Given material>
-- -- --

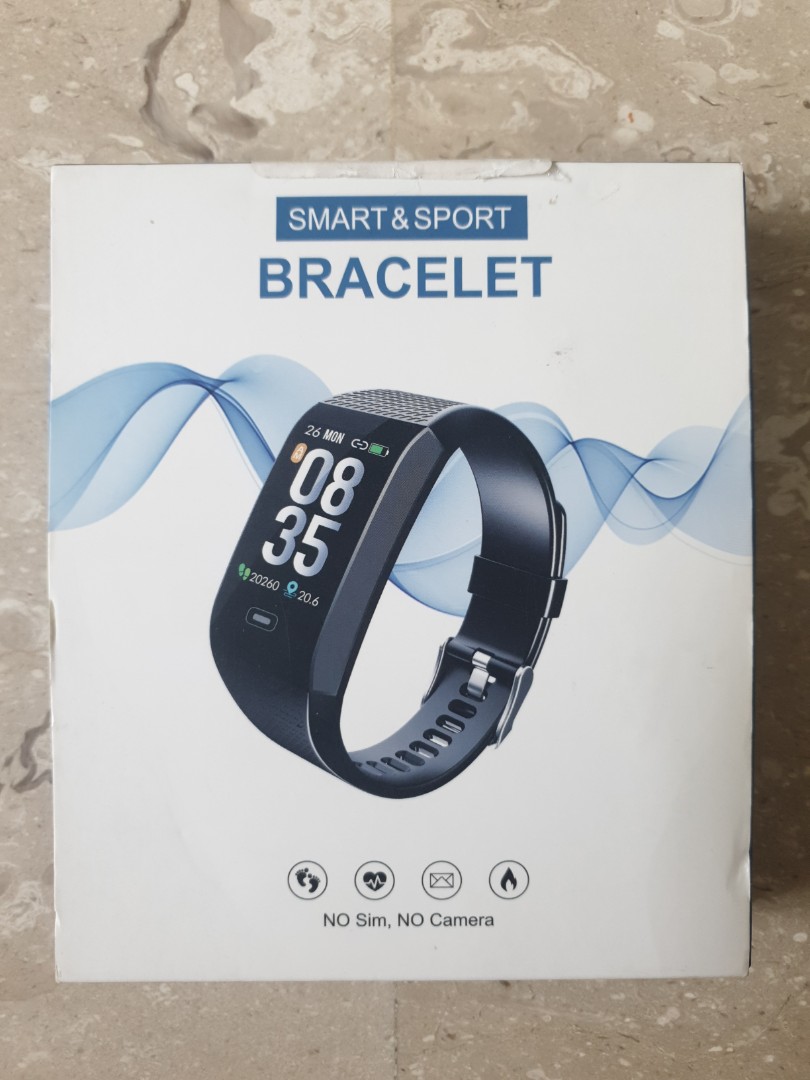 Smart Sport Bracelet Watch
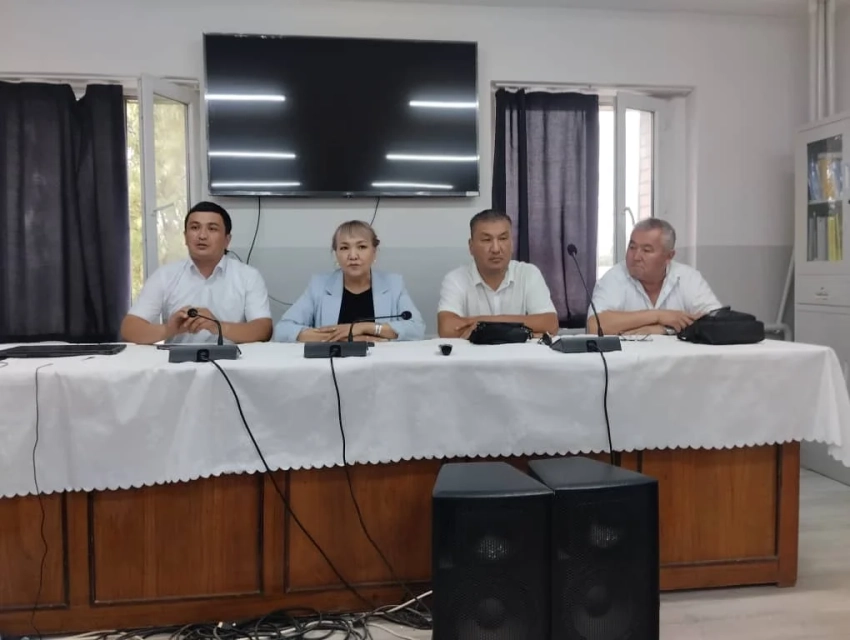 Замглавы Минздрава ознакомилась с внедрением цифровых решений в поликлиниках Ошской области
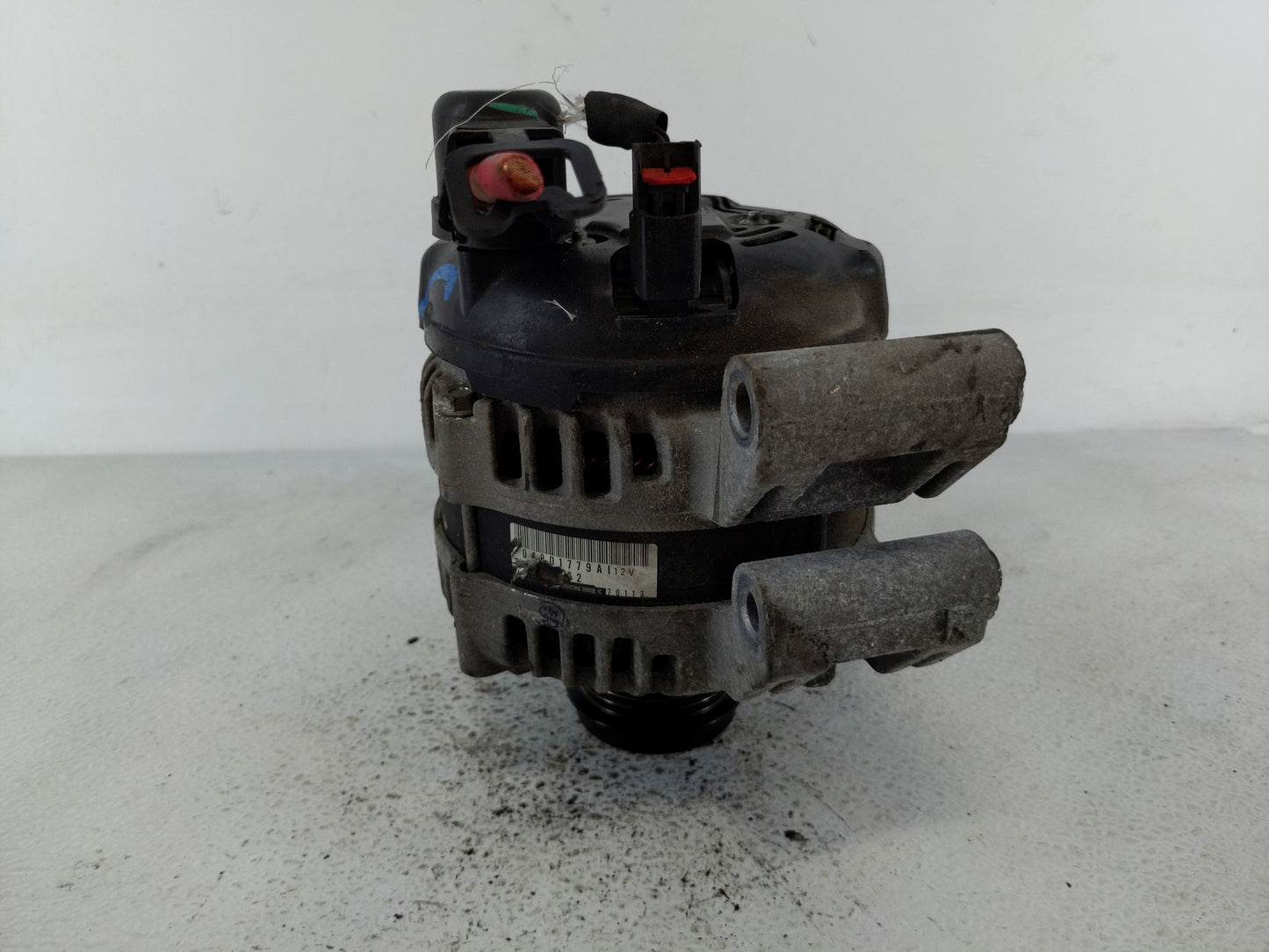 2011-2016 Jeep Grand Cherokee Alternator Replacement Generator Charging Assembly Engine OEM P/N:04801779AI Fits OEM Used Aut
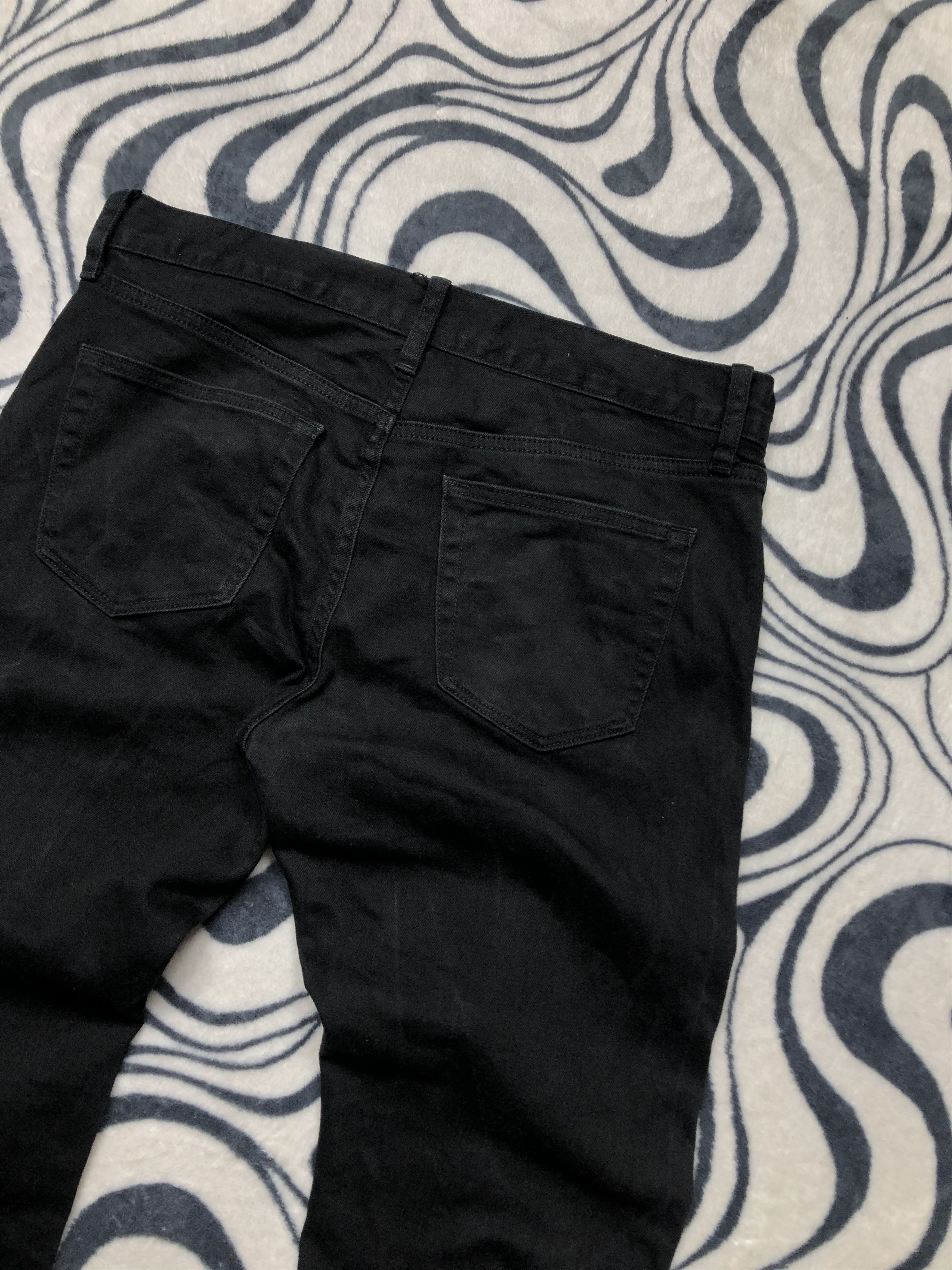 Uniqlo Uniqlo Salvage Mens Denim Pants Jeans Size US 32 / EU 48 - 8 Thumbnail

-- -- --

Aim of the task> Leaving every picture out, please copy exactly the lines from the one holding "2011-2016 Jeep Grand" through the last line of the listing, both ends included.

Answer section>
 2011-2016 Jeep Grand Cherokee Alternator Replacement Generator Charging Assembly Engine OEM P/N:04801779AI Fits OEM Used Aut
 Uniqlo Uniqlo Salvage Mens Denim Pants Jeans Size US 32 / EU 48 - 8 Thumbnail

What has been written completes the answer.